Sulla base di queste definizioni, il TAR ha quindi classificato i diversi interventi oggetto del ricorso, spiegando che molti di essi rientravano in edilizia libera e non erano soggetti a permesso di costruire o a SCIA in alternativa al PDC.
Lavori di ristrutturazione interna
Come spiega il TAR, i lavori di ristrutturazione interna – nella specie, la “creazione di tramezzature interne” – integrerebbero un’attività di edilizia libera ex art. 6 d.P.R. n. 380/01 riconducibile alla manutenzione straordinaria non essendo coinvolte “parti strutturali” dell’edificio e non necessiterebbe di autorizzazione paesaggistica ai sensi della lett. A.1 del d.P.R. n. 31/2017 (“opere interne che non alterano l’aspetto esteriore degli edifici”).
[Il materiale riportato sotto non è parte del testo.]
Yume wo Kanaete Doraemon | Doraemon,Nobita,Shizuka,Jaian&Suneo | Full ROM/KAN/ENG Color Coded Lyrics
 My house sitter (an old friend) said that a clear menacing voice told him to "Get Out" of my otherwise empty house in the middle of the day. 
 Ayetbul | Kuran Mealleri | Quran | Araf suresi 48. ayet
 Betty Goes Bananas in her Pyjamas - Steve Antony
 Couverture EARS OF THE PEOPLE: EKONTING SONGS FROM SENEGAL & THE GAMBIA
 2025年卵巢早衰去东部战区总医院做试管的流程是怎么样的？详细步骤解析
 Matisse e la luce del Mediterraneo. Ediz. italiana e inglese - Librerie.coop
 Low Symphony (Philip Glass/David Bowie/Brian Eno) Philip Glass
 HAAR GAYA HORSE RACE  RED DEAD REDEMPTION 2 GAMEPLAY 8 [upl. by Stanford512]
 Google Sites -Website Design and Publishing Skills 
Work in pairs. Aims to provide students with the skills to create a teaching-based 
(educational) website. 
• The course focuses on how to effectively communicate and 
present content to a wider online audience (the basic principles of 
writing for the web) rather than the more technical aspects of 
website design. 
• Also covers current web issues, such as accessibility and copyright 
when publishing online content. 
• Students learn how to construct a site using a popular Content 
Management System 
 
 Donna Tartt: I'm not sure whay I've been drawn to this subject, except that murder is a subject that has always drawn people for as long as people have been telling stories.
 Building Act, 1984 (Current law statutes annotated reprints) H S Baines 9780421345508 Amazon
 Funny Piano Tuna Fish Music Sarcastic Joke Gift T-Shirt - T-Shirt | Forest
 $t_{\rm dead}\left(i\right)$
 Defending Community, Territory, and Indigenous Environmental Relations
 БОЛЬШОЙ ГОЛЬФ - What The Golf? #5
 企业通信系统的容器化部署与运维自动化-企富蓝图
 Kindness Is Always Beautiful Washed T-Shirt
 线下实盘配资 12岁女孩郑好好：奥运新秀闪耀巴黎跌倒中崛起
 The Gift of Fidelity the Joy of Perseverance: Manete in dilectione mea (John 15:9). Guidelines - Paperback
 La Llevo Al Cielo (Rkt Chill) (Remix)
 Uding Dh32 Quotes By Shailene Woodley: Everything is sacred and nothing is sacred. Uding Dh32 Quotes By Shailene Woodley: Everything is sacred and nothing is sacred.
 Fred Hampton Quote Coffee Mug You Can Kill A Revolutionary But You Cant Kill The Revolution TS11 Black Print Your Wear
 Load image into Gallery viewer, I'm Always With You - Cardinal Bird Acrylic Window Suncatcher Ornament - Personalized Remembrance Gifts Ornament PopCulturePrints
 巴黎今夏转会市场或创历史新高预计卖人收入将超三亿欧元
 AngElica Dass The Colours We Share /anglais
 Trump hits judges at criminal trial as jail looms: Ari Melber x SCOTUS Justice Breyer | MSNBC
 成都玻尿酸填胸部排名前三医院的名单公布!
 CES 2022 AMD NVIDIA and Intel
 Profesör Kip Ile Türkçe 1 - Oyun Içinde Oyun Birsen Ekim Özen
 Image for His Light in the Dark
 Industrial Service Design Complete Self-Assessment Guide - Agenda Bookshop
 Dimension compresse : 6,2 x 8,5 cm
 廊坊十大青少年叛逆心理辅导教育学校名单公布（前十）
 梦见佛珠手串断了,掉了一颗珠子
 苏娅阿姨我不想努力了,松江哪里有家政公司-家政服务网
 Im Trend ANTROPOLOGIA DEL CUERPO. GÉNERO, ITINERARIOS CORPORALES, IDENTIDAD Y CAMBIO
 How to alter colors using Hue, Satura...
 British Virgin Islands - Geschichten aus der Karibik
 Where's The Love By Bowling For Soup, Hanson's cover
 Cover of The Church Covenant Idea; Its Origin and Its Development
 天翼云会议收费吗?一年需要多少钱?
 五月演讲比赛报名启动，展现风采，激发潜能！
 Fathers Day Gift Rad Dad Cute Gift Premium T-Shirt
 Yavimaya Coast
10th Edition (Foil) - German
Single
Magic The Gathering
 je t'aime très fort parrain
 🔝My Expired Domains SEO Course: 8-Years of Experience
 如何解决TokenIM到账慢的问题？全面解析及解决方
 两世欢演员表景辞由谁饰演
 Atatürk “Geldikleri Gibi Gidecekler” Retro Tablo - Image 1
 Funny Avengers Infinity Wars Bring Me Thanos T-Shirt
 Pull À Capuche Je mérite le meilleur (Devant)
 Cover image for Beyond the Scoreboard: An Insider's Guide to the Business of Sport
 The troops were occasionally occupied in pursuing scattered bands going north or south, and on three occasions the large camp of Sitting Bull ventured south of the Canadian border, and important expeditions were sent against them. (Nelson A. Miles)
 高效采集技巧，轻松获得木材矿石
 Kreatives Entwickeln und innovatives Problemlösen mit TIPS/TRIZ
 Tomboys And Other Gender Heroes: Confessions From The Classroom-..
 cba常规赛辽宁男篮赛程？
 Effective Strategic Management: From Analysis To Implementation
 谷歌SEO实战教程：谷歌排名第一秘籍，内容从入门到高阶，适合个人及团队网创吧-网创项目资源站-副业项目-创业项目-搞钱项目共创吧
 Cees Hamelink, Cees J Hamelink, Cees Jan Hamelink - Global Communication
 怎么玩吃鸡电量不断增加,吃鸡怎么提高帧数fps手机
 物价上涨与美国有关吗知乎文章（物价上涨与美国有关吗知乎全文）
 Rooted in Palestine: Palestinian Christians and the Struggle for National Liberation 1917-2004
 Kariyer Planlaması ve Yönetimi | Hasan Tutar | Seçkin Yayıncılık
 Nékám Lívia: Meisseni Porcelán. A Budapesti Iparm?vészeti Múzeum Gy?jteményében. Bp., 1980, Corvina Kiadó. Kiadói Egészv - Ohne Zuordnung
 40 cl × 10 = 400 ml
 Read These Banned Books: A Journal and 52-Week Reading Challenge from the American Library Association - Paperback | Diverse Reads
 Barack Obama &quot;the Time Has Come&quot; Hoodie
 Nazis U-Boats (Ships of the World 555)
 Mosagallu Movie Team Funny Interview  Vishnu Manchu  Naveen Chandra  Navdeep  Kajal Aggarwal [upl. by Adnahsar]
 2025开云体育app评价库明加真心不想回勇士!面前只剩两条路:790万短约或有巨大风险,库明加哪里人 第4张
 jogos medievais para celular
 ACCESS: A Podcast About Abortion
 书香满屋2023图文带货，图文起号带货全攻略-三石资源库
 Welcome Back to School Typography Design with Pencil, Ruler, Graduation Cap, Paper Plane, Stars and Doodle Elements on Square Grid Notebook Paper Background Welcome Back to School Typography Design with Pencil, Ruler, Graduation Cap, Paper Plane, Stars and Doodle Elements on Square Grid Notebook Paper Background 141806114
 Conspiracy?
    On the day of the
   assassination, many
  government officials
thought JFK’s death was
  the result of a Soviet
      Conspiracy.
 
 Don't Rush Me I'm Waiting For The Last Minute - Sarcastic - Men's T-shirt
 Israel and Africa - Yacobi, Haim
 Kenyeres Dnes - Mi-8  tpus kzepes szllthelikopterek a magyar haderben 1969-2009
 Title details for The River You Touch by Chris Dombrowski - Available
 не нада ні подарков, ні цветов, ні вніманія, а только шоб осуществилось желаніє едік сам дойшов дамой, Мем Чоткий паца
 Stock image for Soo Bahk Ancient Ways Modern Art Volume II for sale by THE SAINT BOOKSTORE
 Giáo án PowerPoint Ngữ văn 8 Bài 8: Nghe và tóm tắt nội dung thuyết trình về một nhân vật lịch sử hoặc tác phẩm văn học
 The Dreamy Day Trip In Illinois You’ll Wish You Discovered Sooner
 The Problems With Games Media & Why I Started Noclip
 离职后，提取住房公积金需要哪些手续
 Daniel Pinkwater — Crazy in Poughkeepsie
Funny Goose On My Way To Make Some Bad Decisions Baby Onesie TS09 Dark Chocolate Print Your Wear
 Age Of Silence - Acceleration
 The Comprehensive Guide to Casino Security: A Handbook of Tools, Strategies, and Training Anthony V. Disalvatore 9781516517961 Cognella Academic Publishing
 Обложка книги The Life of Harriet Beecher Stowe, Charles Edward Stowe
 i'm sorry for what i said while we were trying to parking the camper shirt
La modifica delle tramezzature interne di un fabbricato quindi non richiede né il permesso di costruire (o la scia alternativa al permesso di costruire) né l’autorizzazione paesaggistica: le opere di modifica di spazi interni, sia pure eseguite attraverso demolizione e ricostruzione di tramezzature, non integrano un intervento soggetto a permesso di costruire e neanche a SCIA, non venendo in rilievo alterazioni dei parametri urbanistici ovvero incrementi di volumetria e superficie; né rilevano i rigorosi limiti imposti dal vincolo paesaggistico, trattandosi di opere meramente interne, che non hanno comportato in alcun modo aumento dei volumi preesistenti, né possono essere considerate, in generale, elementi detrattori del vincolo, non potendo in alcun modo alterare il paesaggio, né la percezione che di questo si abbia dai luoghi accessibili al pubblico.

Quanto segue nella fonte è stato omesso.